What to work on:
Retype all of the data word for word, without pictures.

Given data:
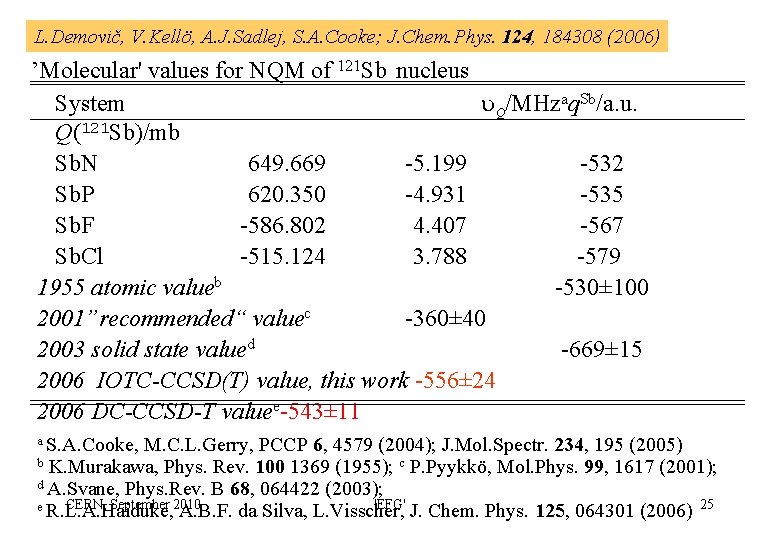 L. Demovič, V. Kellö, A. J. Sadlej, S. A. Cooke; J. Chem. Phys. 124,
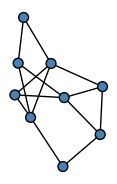 graph HxdHGM@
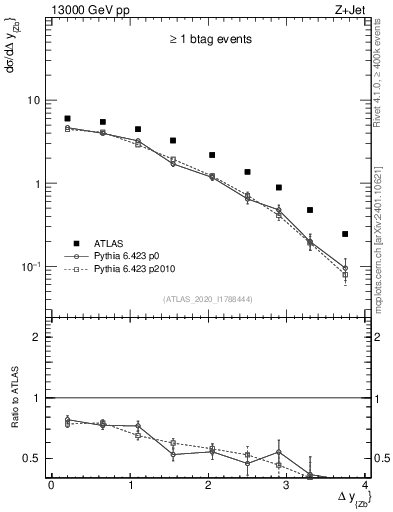 Plot of zj.dy in 13000 GeV pp collisions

Problem solution:
 L. Demovič, V. Kellö, A. J. Sadlej, S. A. Cooke; J. Chem. Phys. 124,
 graph HxdHGM@
 Plot of zj.dy in 13000 GeV pp collisions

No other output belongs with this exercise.